The Government is open to making the renewal of the Intergenerational Equity Mechanism automatic, which ensures the sustainability of pensions and which currently expires in 2032. It is a concession that the Ministry of Inclusion and Social Security is considering under pressure from the European Commission , who considers that an automatic mechanism would provide more guarantees to sustain the pension system, which is ultimately the parameter on which Brussels sets its main attention.

“What the Commission tells us is that it should be an automatic mechanism and we have explained that it is better that it not be automatic. It is a purely technical discussion... I am convinced that we will come to an agreement, we have months left”, Minister José Luis Escrivá told Onda Cero yesterday. Sources from his department add that if Brussels insists, they are open to modifying it, although they specify that it is a technical matter, which does not change the essential operation of this mechanism.

Escrivá's statements coincide with the three-day visit that culminates today of a European Commission mission to Spain to verify the application of the recovery plan, which is headed by the director of the Recovery and Resilience working group, Céline Gauer .

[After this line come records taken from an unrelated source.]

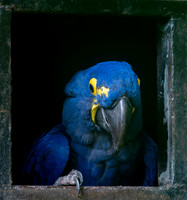 Hyacinth macaw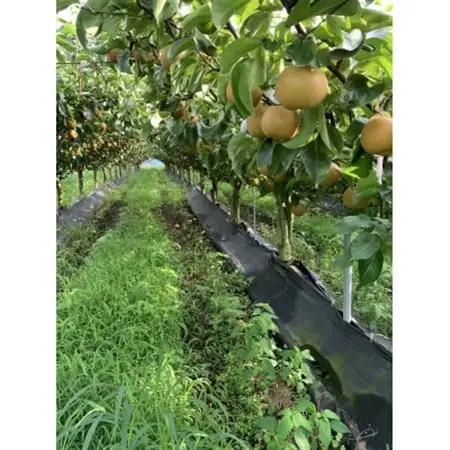 【5kg】栃木県小山市産　幸水 梨【1617300】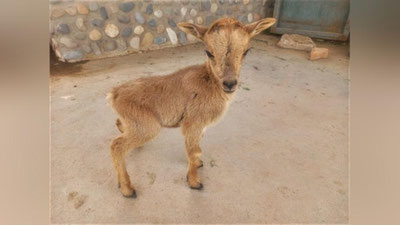 Изрображение 'В Термезском зоопарке произошло пополнение'
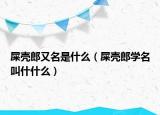 屎壳郎又名是什么（屎壳郎学名叫什什么）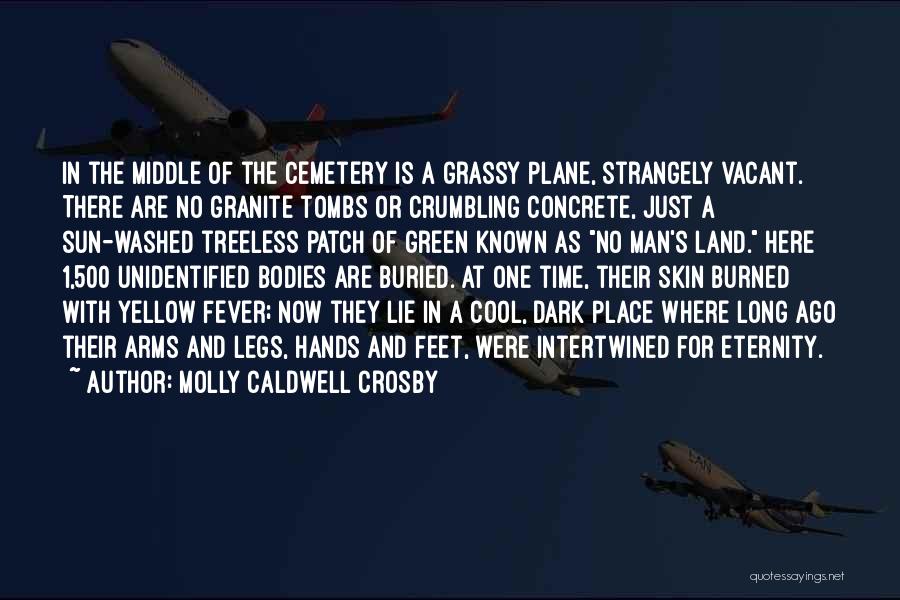 Molly Caldwell Crosby Quotes: In The Middle Of The Cemetery Is A Grassy Plane, Strangely Vacant. There Are No Granite Tombs Or Crumbling Concrete,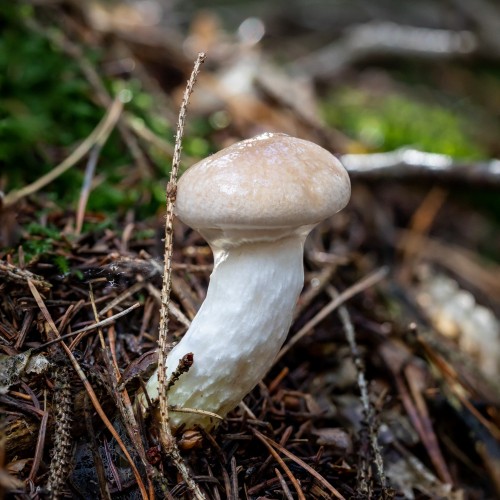 Gomphidius glutinosus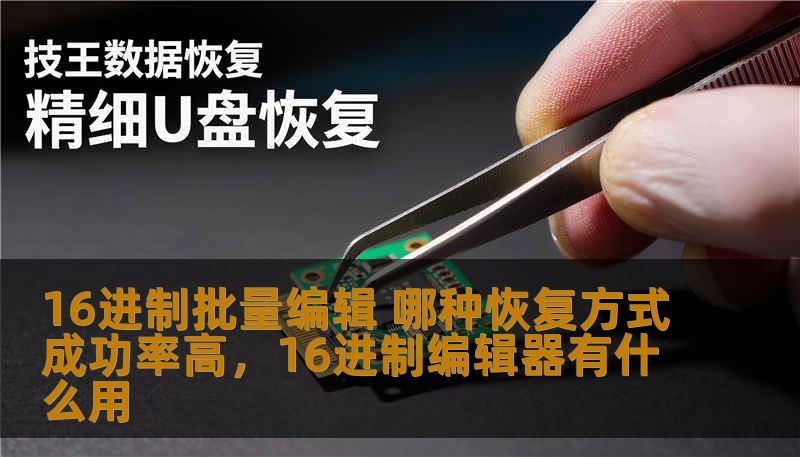 16进制批量编辑 哪种恢复方式成功率高,16进制编辑器有什么用 16进制批量编辑 哪种恢复方式成功率高,16进制编辑器有什么用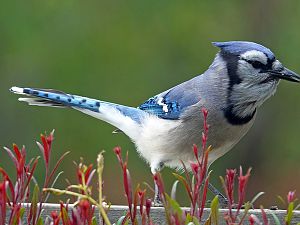 Blue Jay / Blauhäher
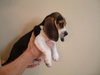 Dolly's pup - Big Dot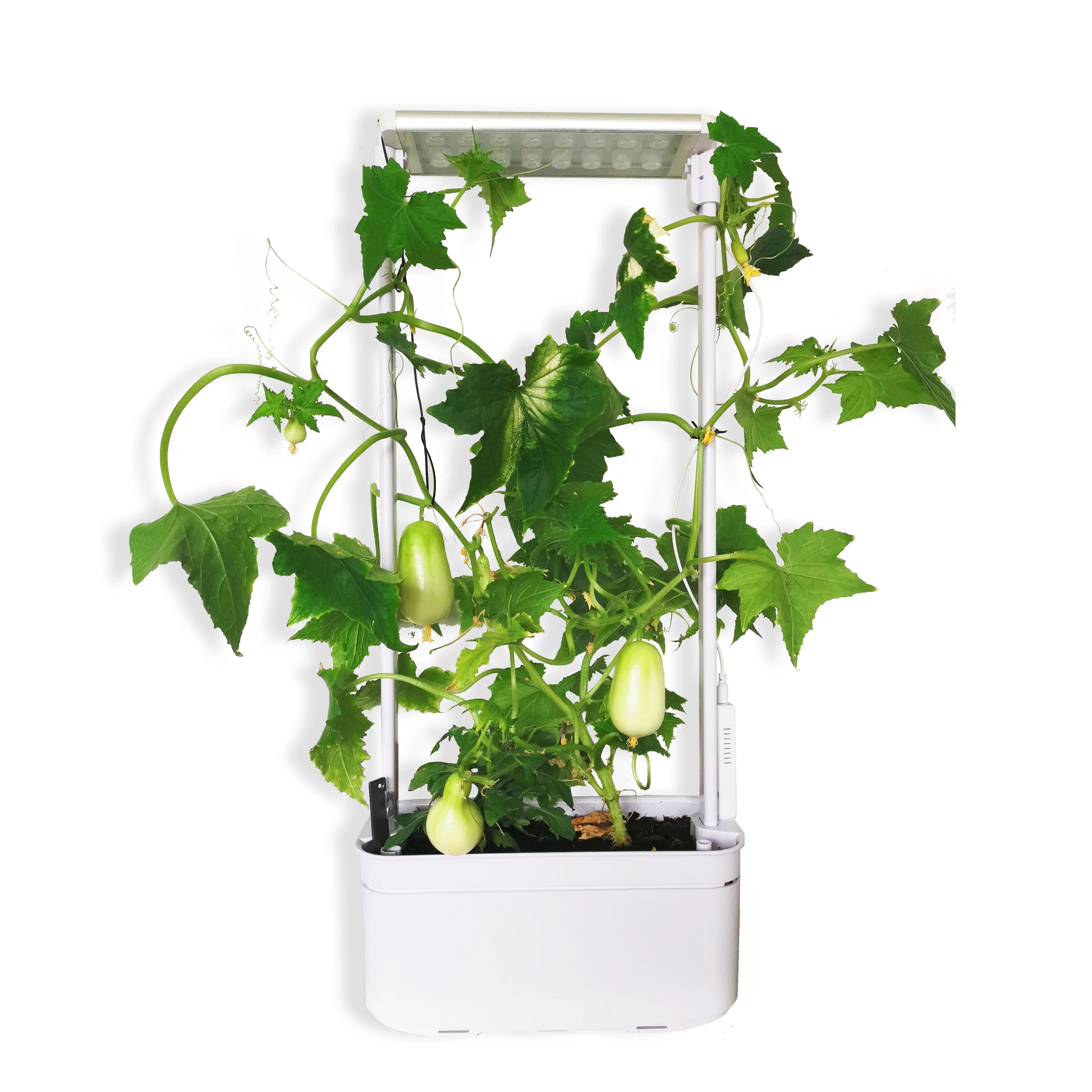 smart garden growing plant led hydroponics grow pipe hydroponics system grow kit 6 pod hydroponic indoor grow system
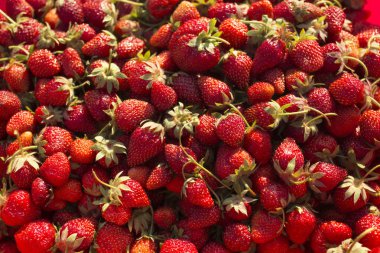 Olgun çilek. Bir sürü olgun meyveleri. Lezzetli vejetaryen tatlı.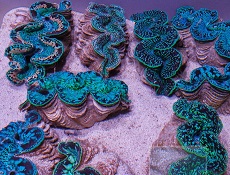 Maxima Clams from Tahiti, Tridacna Maxima Picture of Maxima Clams from Tahiti, Tridacna Maxima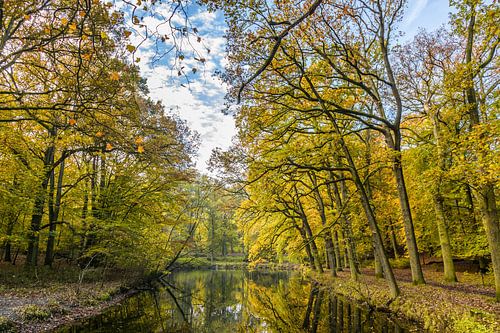 Volwassen bomen in bos langs vijver in herfstkleuren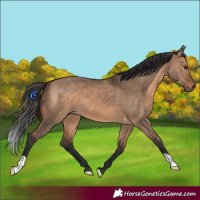 Horse Color:Brown Dun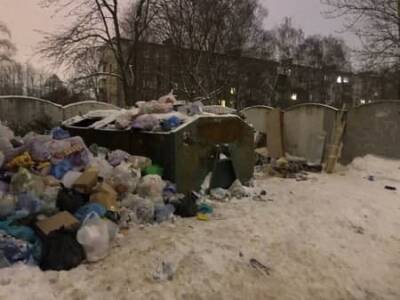 Беглову должно быть стыдно – блокадница об уборке снежных завалов в Петербурге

The equity mechanism replaces the repealed sustainability factor of the 2013 reform, in which the amount of the pension was set in relation to life expectancy. It was a parameter that was liked in Brussels because it ensures sustainability, although in exchange for going to cuts in the amounts of pensions to receive. What the sustainability factor was going to achieve by reducing benefits, the equity mechanism intends to do by increasing income, through a 0.6% increase in social contributions (0.5% paid by the company and 0.1% of the worker), for a period of ten years, from 2023 to 2032. That year an evaluation would be made to verify if the amount collected is sufficient, and if not, additional measures would be taken that are not specified. On the other hand, the European Commission demands that this renewal be automatic, without leaving the question of what they would adopt on that date.

The Bank of Spain has also positioned itself in favor of automatic mechanisms. In its 2021 report, it points out that it should be ensured that system adjustments do not fall disproportionately on specific population groups, such as retirees or future pensioners. It also calls for more transparency and predictability, to make it easier for retirement decisions to be made early. And he adds that "it could be convenient to assess the introduction of automatic adjustment mechanisms that adapt some parameters of the pension system to the changes that occur in demographic and economic dynamics."

During their visit to Madrid, the members of the European Commission met on Monday with officials from the Ministry of Inclusion and Social Security to examine the last two milestones carried out in the field of pensions, such as the reform of the self-employed system and the law boost to employment pension plans.

For the remainder of the year, Minister Escrivá has the task of completing two more changes to the system pending. It is about adapting the period of time that should be used to calculate the pension, a particularly delicate issue due to the fears that it usually raises among future pensioners; and also to raise the current limit of maximum contributions.